In such situations, we must resign ourselves to a hard truth: we will never be able to run every possible model, and therefore we may never find the best possible model. Instead, we might be interested in learning algorithmic ways to examine a much smaller number of models, and reliably identify a very good model, even if it is not the best.
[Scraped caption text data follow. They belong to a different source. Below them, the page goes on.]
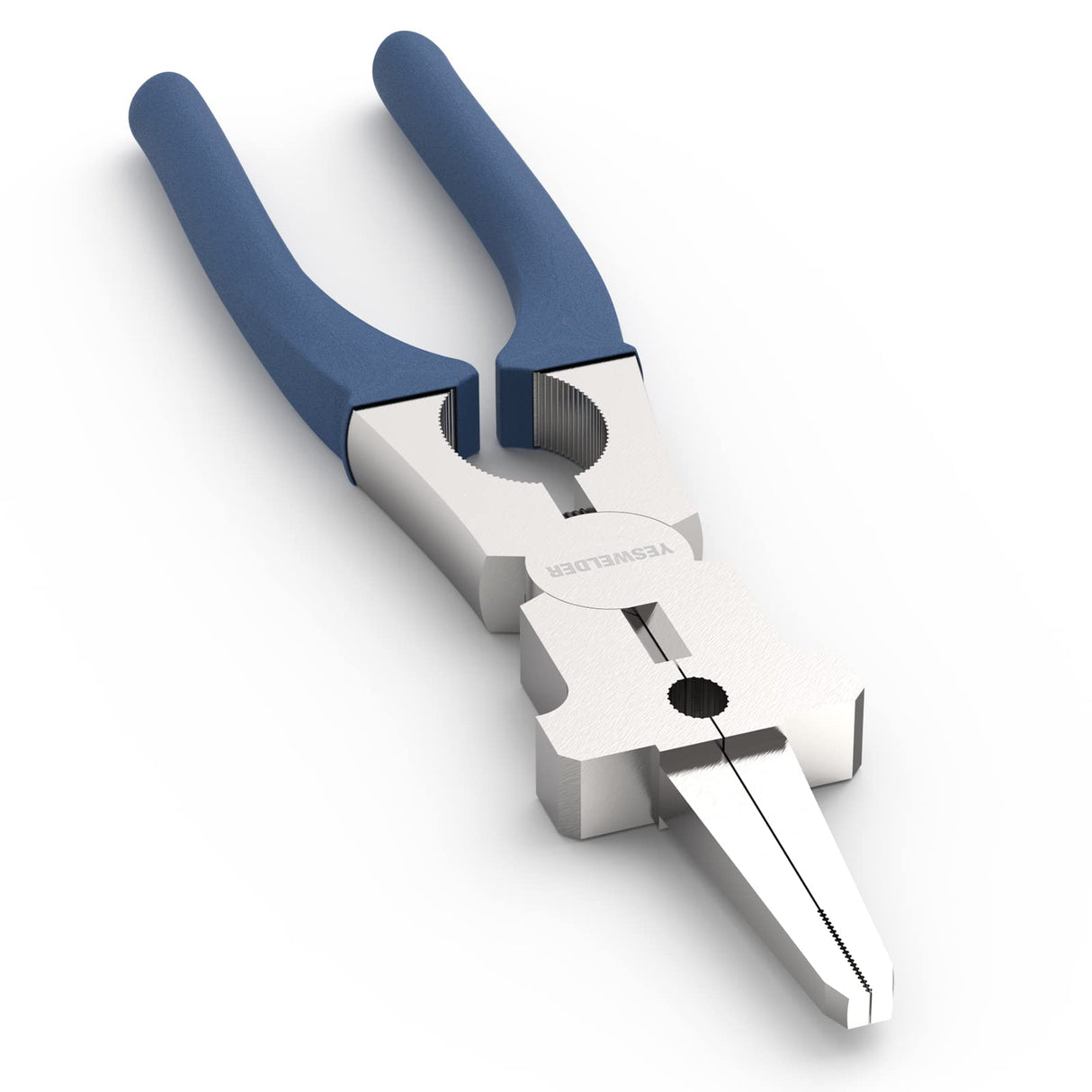 YESWELDER 8" MIG Welding Pliers, Anti-Rust MIG Welding Pliers for Professional Welding - Reliable and Durable YESWELDER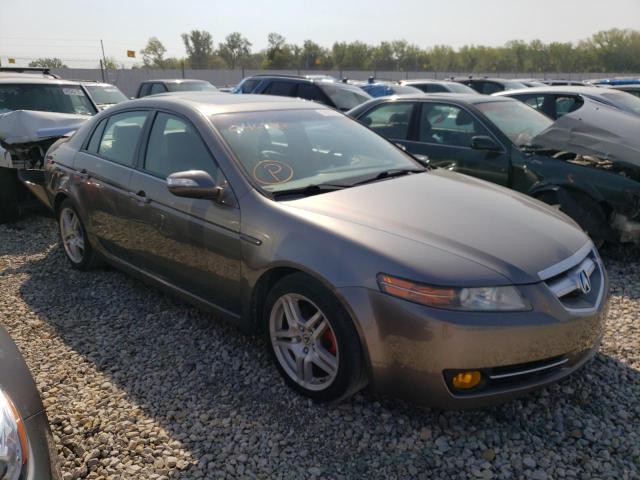 Photo 1 from auction – 2007 ACURA TL with VIN 19UUA662X7A046922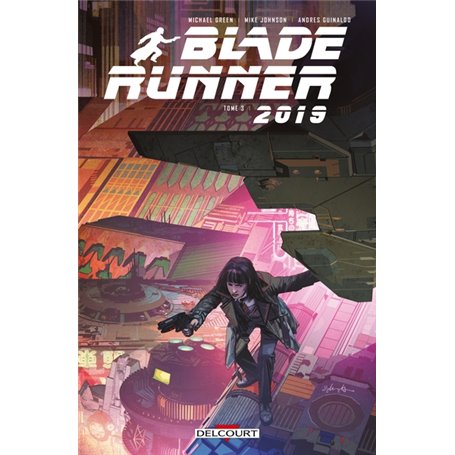 Blade Runner 2019 T03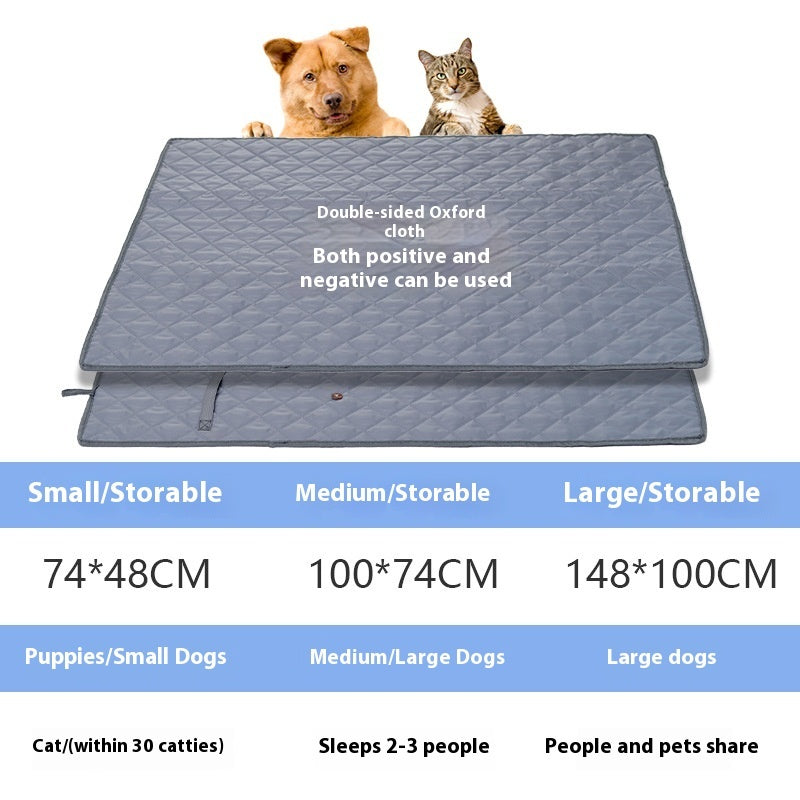 Large Pet Mat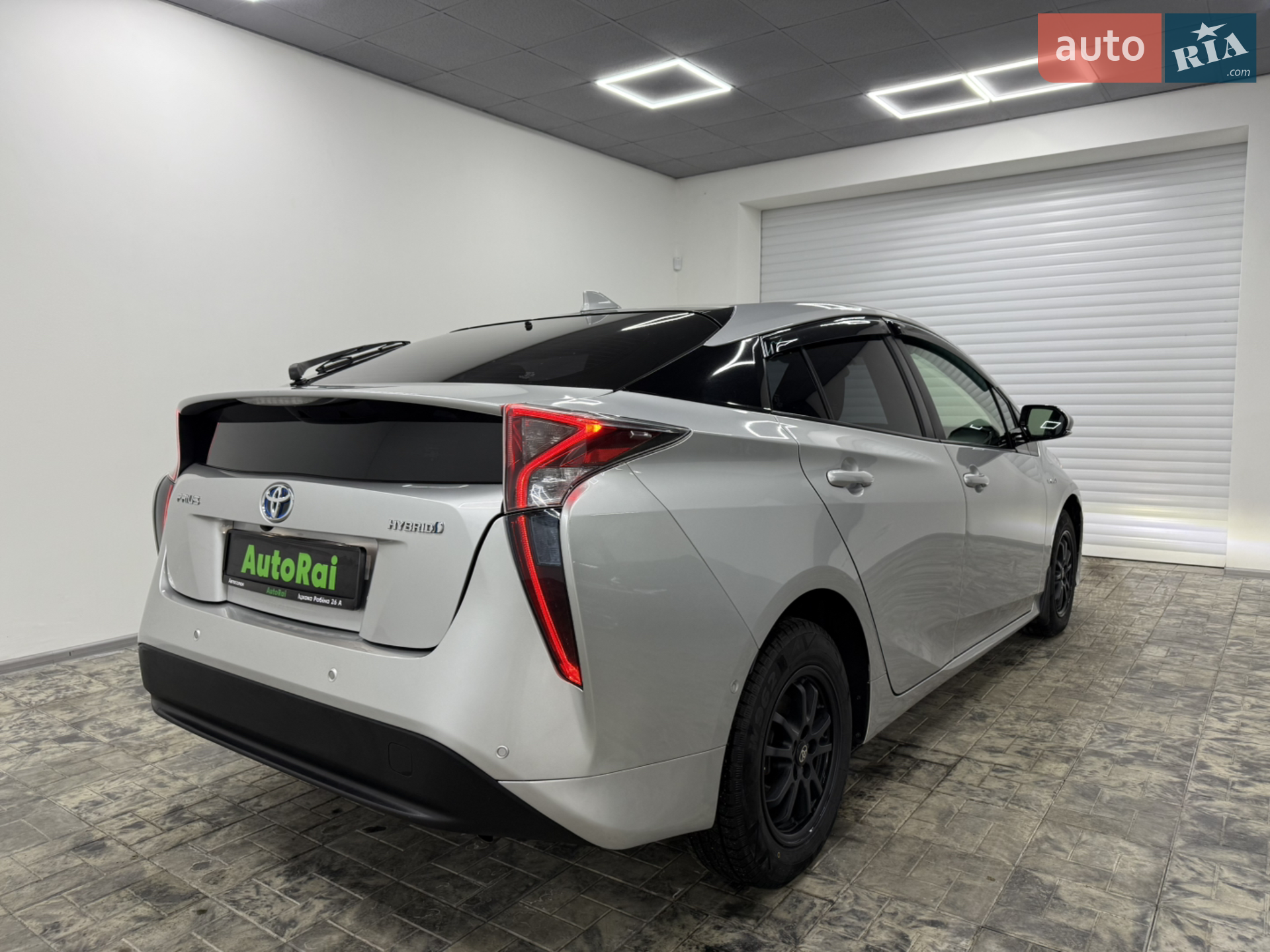 2017 Toyota Prius - мініатюра 4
The most common algorithm for this purpose is called stepwise selection. It builds a tree of nested models and searches up and down the tree for better models. At every step it chooses a current “champion” model and compares it to a nearby group of “challenger” models which are either one predictor larger or one predictor smaller. If any of the challengers beats the champion, the model crowns the best challenger as the new champion and repeats the process at the new model size. If none of the challengers beat the champion, the algorithm finishes its search.

Code

plot(runif(1),runif(1),type='n',xlim=c(-11,11),ylim=c(1,19),
     axes=FALSE,xlab='',ylab='',
     main='Models using none, some, or all of predictors A, B, C, and D')
rect(xleft=c(-1,-7,-3,1,5,-11,-7,-3,1,5,9,-7,-3,1,5,-1),
     ybottom=c(1,5,5,5,5,9,9,9,9,9,9,13,13,13,13,17),
     xright=c(1,-5,-1,3,7,-9,-5,-1,3,7,11,-5,-1,3,7,1),
     ytop=c(3,7,7,7,7,11,11,11,11,11,11,15,15,15,15,19))
text(x=c(0,-6,-2,2,6,-10,-6,-2,2,6,10,-6,-2,2,6,0),
     y=c(2,6,6,6,6,10,10,10,10,10,10,14,14,14,14,18),
     labels=c('1','A','B','C','D','AB','AC','AD','BC',
              'BD','CD','ABC','ABD','ACD','BCD','ABCD'))
segments(x0=c(0,0,0,0,-6,-6,-6,-2,-2,-2,2,2,2,6,6,6,
              -10,-10,-6,-6,-2,-2,2,2,6,6,10,10,-6,-2,2,6),
         y0=c(rep(3,4),rep(7,12),rep(11,12),rep(15,4)),
         x1=c(-6,-2,2,6,-10,-6,-2,-10,2,6,-6,2,10,-2,6,10,
                -6,-2,-6,2,-2,2,-6,6,-2,6,2,6,0,0,0,0),
         y1=c(rep(5,4),rep(9,12),rep(13,12),rep(17,4)))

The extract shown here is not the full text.